Collection Reports (herein so called) shall be sent to Seller detailing for a
specific period Receivables collected or charged back and other accounts
receivable collected, other debits and credits called for in this Agreement,
Discounts charged, rebate of Discounts and, in general, the balance of any
amounts owed to or from Seller. Seller is aware that such balance is reported in
the column titled "Reserve Refund" of each Collection Report and the Reserve
Refund has no meaning other than it serves as the title for such column. By
similar means, Reserve Account Reports (herein so called) may be sent to Seller
(at the discretion of Purchaser) accounting for the balance owing to or from
Seller as derived from all debits and credits made in connection with this
Agreement.

         SECTION 21. RESOLUTION OF DISPUTES; NO ASSUMPTION OF LIABILITY BY
PURCHASER.

         Seller shall immediately notify Purchaser of the assertion by any
account debtor of any Dispute. Seller shall settle, at its own expense, all
Disputes, subject to Purchaser's approval, but Purchaser shall have the right,
in its discretion, to settle any Dispute directly with the account debtor
involved upon such terms as Purchaser may deem advisable and at Seller's expense
without waiving Purchaser's right to Charge back any Receivable or to declare a
Default.

Seller specifically acknowledges and agrees that Purchaser is not assuming any
liability or obligation of any kind to Seller's customers or in any way relating
to the Receivables or any of Seller's other accounts receivable.

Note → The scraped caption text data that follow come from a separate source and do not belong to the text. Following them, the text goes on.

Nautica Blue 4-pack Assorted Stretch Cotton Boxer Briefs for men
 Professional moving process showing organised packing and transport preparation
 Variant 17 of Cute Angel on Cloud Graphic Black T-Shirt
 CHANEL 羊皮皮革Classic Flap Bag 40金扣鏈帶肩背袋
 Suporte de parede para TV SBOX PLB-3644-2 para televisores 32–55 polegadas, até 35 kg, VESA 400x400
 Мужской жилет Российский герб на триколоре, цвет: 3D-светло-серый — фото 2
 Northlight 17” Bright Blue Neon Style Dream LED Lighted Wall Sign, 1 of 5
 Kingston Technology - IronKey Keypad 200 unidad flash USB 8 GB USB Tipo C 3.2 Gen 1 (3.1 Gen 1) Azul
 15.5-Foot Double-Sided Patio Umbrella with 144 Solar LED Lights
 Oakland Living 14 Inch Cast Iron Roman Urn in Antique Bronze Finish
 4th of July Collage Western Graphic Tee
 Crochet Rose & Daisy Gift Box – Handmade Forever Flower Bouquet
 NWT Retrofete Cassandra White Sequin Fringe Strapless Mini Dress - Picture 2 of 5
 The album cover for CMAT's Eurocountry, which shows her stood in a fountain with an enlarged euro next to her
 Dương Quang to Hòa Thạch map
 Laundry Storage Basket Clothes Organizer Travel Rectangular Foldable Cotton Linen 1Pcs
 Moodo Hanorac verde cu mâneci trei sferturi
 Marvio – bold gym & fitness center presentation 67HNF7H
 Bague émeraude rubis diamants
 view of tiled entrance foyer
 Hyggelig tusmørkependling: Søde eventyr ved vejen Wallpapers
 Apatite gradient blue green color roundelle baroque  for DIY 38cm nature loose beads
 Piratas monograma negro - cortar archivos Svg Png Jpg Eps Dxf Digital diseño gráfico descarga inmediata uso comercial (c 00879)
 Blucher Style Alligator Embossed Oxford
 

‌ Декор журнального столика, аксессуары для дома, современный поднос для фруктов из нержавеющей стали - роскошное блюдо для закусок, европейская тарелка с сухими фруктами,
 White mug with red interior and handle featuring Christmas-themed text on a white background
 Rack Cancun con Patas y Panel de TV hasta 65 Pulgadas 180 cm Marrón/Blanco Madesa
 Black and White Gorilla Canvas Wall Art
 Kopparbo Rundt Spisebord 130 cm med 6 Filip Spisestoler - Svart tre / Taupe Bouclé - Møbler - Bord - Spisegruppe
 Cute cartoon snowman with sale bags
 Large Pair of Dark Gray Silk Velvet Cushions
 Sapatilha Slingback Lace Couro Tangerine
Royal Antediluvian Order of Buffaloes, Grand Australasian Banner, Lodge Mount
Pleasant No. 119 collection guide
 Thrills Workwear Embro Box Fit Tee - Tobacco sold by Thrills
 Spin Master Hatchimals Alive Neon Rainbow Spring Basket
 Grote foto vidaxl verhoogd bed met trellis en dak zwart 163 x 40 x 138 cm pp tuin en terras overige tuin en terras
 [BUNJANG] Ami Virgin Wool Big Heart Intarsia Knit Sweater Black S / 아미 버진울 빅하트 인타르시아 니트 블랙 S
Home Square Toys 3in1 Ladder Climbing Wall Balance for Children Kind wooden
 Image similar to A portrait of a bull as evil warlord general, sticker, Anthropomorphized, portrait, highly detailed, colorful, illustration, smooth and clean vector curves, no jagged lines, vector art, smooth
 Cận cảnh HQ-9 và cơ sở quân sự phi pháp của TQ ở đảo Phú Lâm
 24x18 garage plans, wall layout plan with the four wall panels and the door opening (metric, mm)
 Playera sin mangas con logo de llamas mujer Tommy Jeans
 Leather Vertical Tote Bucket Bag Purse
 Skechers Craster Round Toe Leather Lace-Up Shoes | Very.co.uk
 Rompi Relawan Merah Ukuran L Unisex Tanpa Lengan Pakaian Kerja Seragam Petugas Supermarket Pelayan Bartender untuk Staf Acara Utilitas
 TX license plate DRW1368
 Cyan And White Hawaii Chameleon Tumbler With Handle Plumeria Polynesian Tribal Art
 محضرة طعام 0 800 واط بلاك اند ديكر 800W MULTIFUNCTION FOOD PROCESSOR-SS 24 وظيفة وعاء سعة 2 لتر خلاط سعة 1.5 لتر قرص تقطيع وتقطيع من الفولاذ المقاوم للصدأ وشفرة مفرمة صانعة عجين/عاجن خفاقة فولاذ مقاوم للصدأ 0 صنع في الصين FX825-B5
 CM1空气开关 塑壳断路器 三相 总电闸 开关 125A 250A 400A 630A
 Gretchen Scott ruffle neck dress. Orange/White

         SECTION 22. SELLER'S INDEMNITY OF PURCHASER.

         SELLER HEREBY UNCONDITIONALLY AND IRREVOCABLY, JOINTLY AND SEVERALLY,
AGREES TO INDEMNIFY, DEFEND AND HOLD HARMLESS PURCHASER, ITS OFFICERS, SERVANTS,
EMPLOYEES, AGENTS, ATTORNEYS, PRINCIPALS, DIRECTORS, AFFILIATES, SHAREHOLDERS,
PARENTS, SUBSIDIARIES, PREDECESSORS, SUCCESSORS, AND ASSIGNS (COLLECTIVELY, THE
"INDEMNIFIED PARTIES") FROM AND AGAINST ANY AND ALL LOSSES (AS HEREINAFTER
DEFINED) THAT ANY INDEMNIFIED PARTY MAY SUFFER, PAY OR INCUR AS A RESULT OF,
ARISING FROM OR CONNECTED WITH ANY CLAIM (AS HEREINAFTER DEFINED) THREATENED OR
ASSERTED AGAINST ANY INDEMNIFIED PARTY, BY ANY PERSON OR ENTITY.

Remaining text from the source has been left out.